-- Provided records follows --
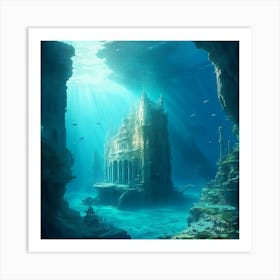 Atlantis Underwater Civilization Art Print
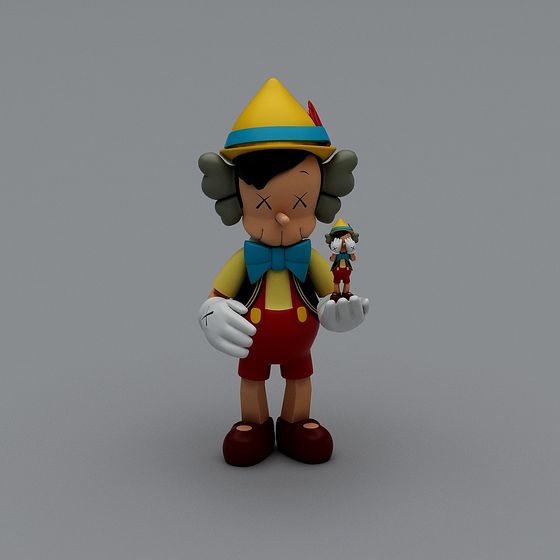 Charming Pinocchio 3D Model for Modern Creations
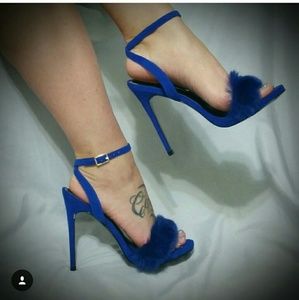Blue heels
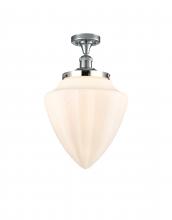 Innovations Lighting 517-1CH-PC-G661-12-LED - Bullet - 1 Light - 12 inch - Polished Chrome - Semi-Flush Mount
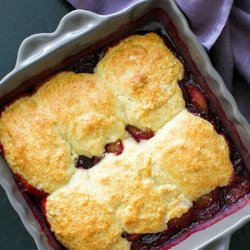 Plum Cobbler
-- Provided records concluded --
**Prompt:**
When you reach the line containing "Innovations Lighting 517-1CH-PC-G661-12-LED" in the listing above, reproduce it and every line after it through the last, exactly; omit the pictures.

**Final answer:**
 Innovations Lighting 517-1CH-PC-G661-12-LED - Bullet - 1 Light - 12 inch - Polished Chrome - Semi-Flush Mount
 Plum Cobbler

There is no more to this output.